The Top 50 Songs of 2007

Avatar photo
Top 50 Songs of 2007

Rihanna feat. Jay-Z – “Umbrella”

Admit it. You loved “Umbrella” as much as that 15-year old girl with her Sidekick texting furiously on the bus. You too were blown away by her perfectly pop video and maybe you would flip to MTV just to catch a glance of her asymmetrical bob in action. You heard those rumors about Rihanna and Jay-Z and thought, “that’s ok Jay. You may have 99 problems and a bitch ain’t one, but I’d ditch Beyonce for Rihanna too.” You dug those sharp drum beats, especially the tight hi-hat hits, that seemed so refreshing up against the increasingly bland pop scene.
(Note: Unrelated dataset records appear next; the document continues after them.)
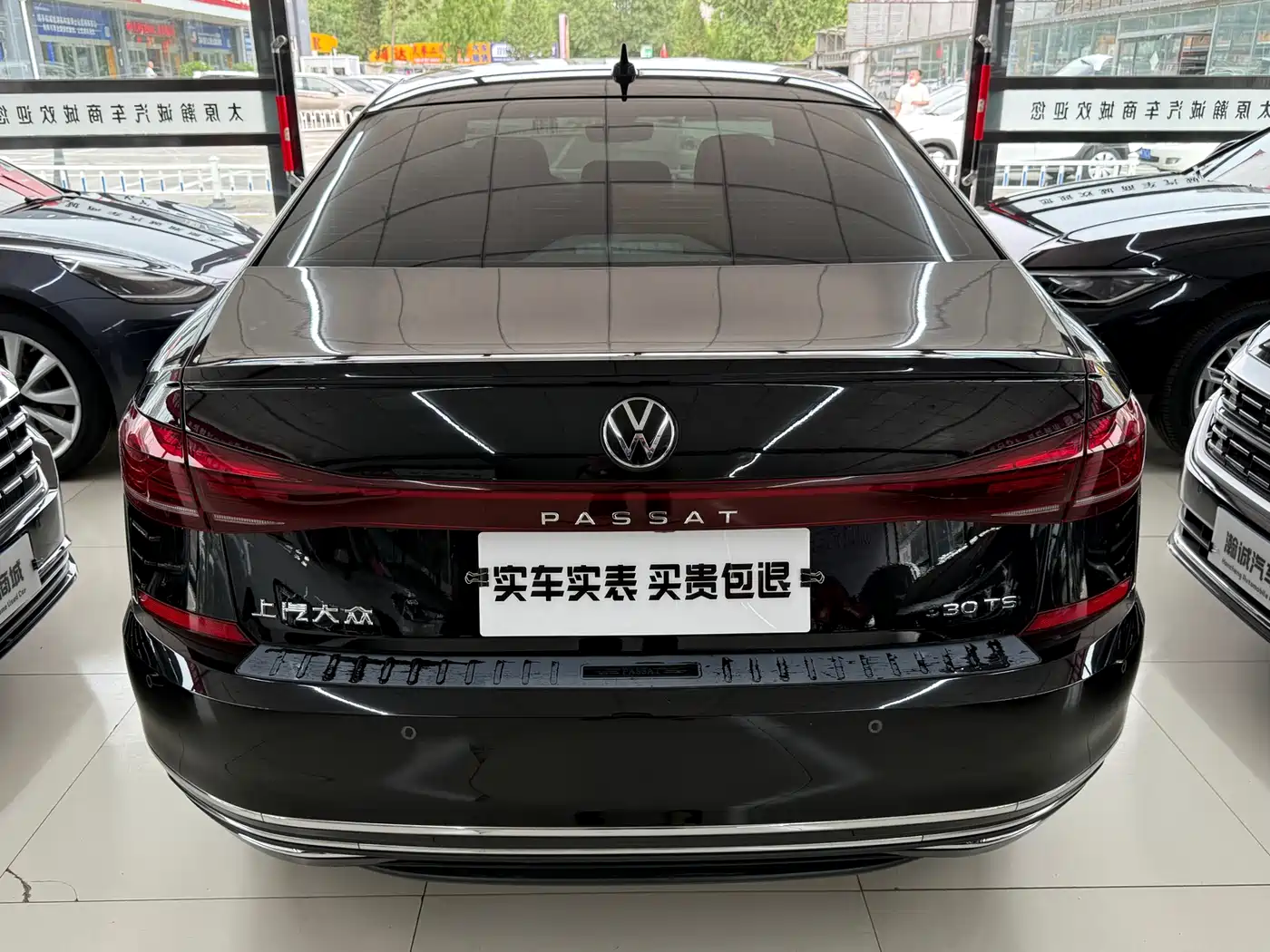 Volkswagen Passat 2023 330TSI Starlight Luxury Edition фото 15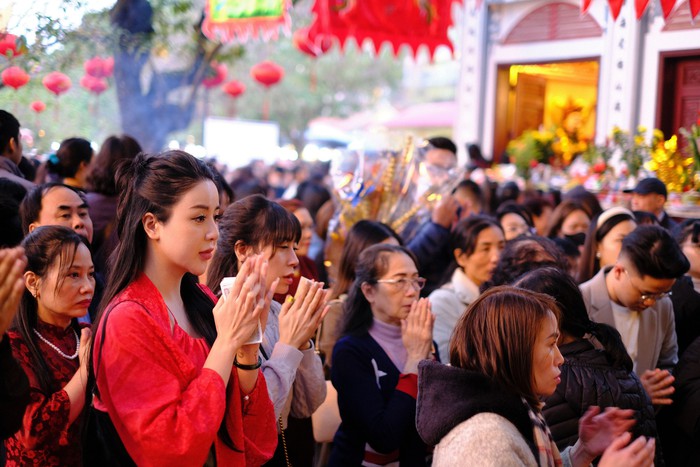 “Biển người” chen chân đi lễ Phủ Tây Hồ, nhiều hàng bánh tôm kiếm bộn tiền trong ngày Tết- Ảnh 4.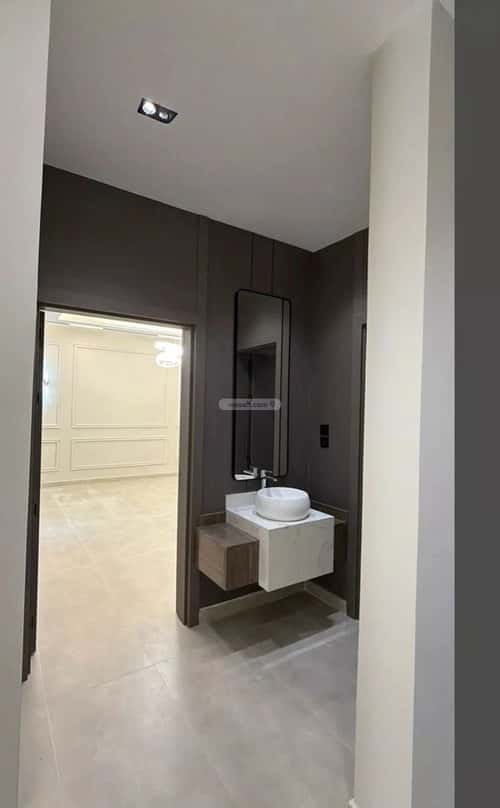 شقة 6 غرف في اللؤلؤ 12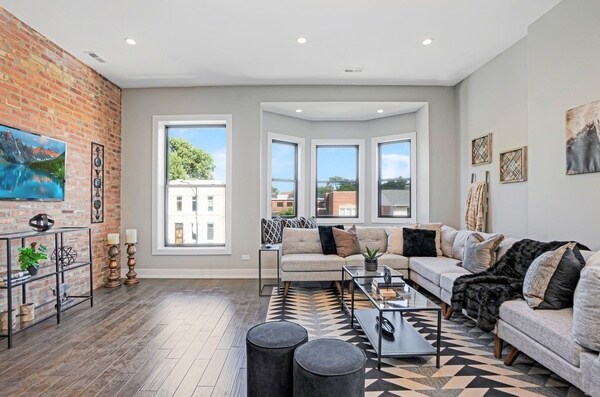 Photo - 3330 S Indiana Ave Unit 2s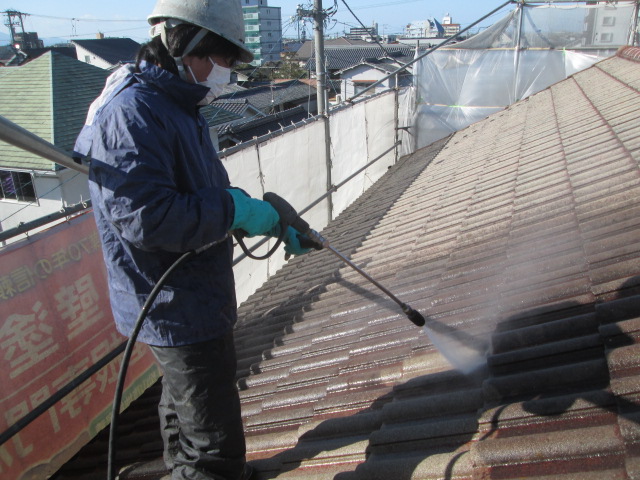 ③屋根・高圧洗浄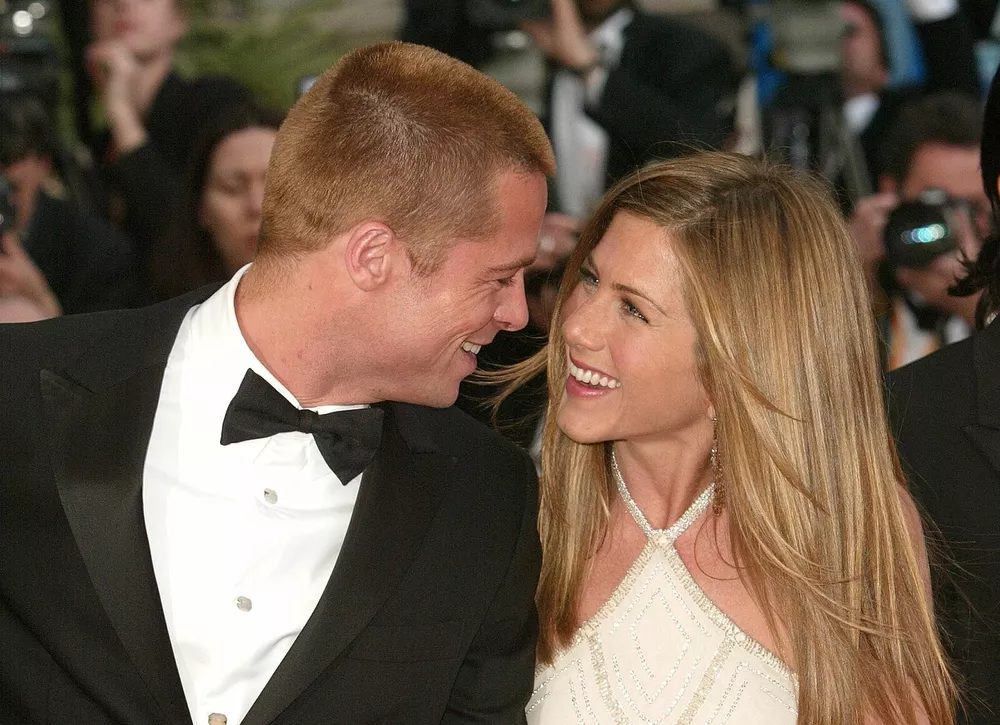  Дженнифер Энистон призналась, что страдает ПТСР после развода с Брэдом Питтом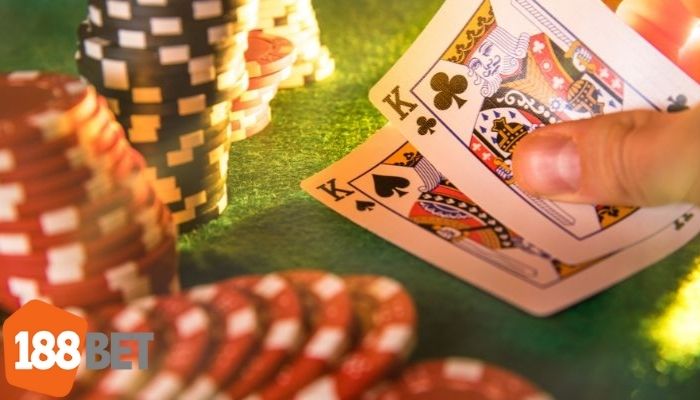 gười chơi cầm đôi K trong bàn Poker tại 188BET, sẵn sàng cho một ván cược căng thẳng
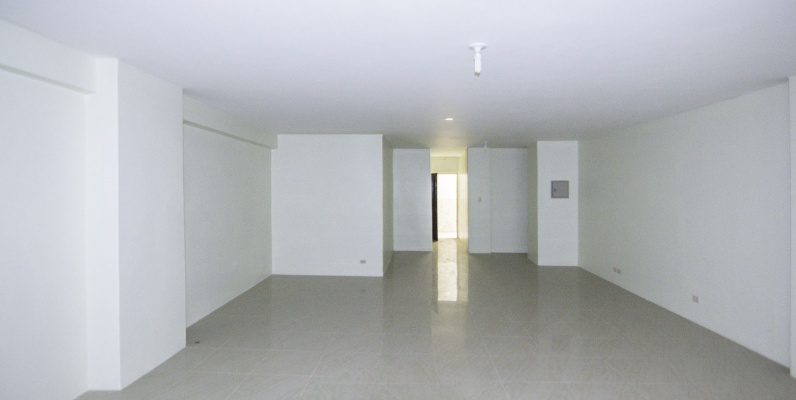 Oficina en venta en el Edificio Camsol, Centro de Guayaquil GeoBienes - Oficina en venta en el Edificio Camsol, Centro de Guayaquil - Plusvalia Guayaquil Casas de venta y alquiler Inmobiliaria Ecuador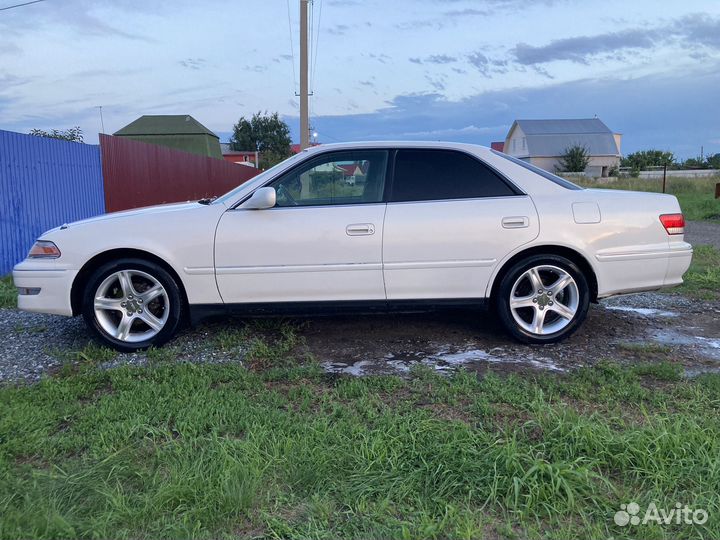 Toyota Mark II 2.0 AT, 1998, 300 000 км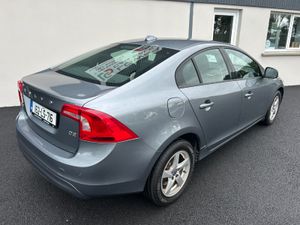 162 Volvo S60 2.0D D2 Business Edition 120BHP - Image 4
And you especially loved the inescapable “‘ella, ‘ella eh eh eh” that stayed glued inside your brain that even the somber Iraq war movie “In the Valley of Elah” couldn’t escape those words. And you know what? You weren’t the only one. ‘Ella ‘ella eh eh eh…. – Jackie Im
Watch Video

Animal Collective – “Fireworks”

Animal Collective are practically the owners of one of the freakiest strands of indie pop out there, and proved it once more this year on Strawberry Jam. Even though it was member Panda Bear who let listeners know who truly was the main creative fountain behind the band earlier this year on his marvel of a solo release Person Pitch, his chemistry with fellow members Deacon, Avey Tare and Geologist is still something that is wholly unique. “Fireworks” is only further proof in the pudding with the keyboards that drizzle like sap from a tree smelted in with a ticking beat with the pitched up and jungle squawking vocals telling a story that, while even though one can’t tell what the fuck it’s about, still knows that spearheading a totally kooky monograph with trippy noises is what Animal Collective does best. – Chris Pacifico
Watch Video

Akron/Family – “Ed is a Portal”

Whenever I would want to convert anyone to the glorious music of Akron/Family, I would play the second track from Love is Simple, “Ed is a Portal.” If the tribal feel of the chanting and the drums weren’t enough to win over my prey, it was undoubtedly the variance between the sweet and whispery refrains clashing with the shouted passages, while the natural and pastoral settings collide with the modern day trappings such as electronics and alarms. Akron/Family, on Love is Simple, have managed to combine the endearing sweetness of Brian Wilson and the Beatles with a newfangled freak folk aesthetic. This epic almost intro to Love is Simple is an ever changing thrill ride, going from style to style with more starts and stops than a track meet, yet far more exciting. – Terrance Terich

Radiohead – “Nude”

A sexual bait-and-switch, the lyric “don’t get any big ideas/…you’ll go to hell for what your dirty mind is thinking” free-floated for years in Radiohead lore. But the transition of “Nude” from languishing artifact to the best song on In Rainbows belongs to the fastidious Thom Yorke and his obsession with the perfect vocal (“I never liked the way I sung it,” he said recently). In Rainbows contains the most gorgeously-superimposed singing of Yorke’s career and “Nude” is the first such scenario, hanging the vocal like a chandelier, trembling from a distant collision. There are (miniature) fake plastic trees all over “Nude” but where the older piece was more like sculpture, “Nude” is unrelentingly painted, a sweep of erudite color and mannerism. Yorke has written several John Cheever-like morality pieces over the years and “Nude” joins “Black Star” and “True Love Waits” as the best of the lot. – Anthony Strain

Spoon – “You Got Yr Cherry Bomb”

It sounds, at first, like a celebration—the shaking tambourine, twinkling xylophone, vibrant horns, and some of the deepest soul Spoon’s ever delivered. But there’s a minor key piano that casts the slightest shadow along this summery anthem, and its lyrics are anything but a party: “It was the longest day that I’ve ever known/ I watched you start that drive alone.” Sometimes a cherry bomb has to reach the end of its wick and Britt Daniel, Jim Eno and the rest of the Spoon gang turn that bittersweet parting into a perfectly crafted pop song with one foot in the present and the rest of its body split between 1960s Motown and Stax sessions. With this kind of energy, Daniel exhibits a healthy optimism, offering “life could be so fair/ let it go on and on.” There’s no better song to play when starting the oft-stated, much-clichéd and unquestionably universal first day of the rest of your life. – Jeff Terich

Jens Lekman – “The Opposite of Hallelujah”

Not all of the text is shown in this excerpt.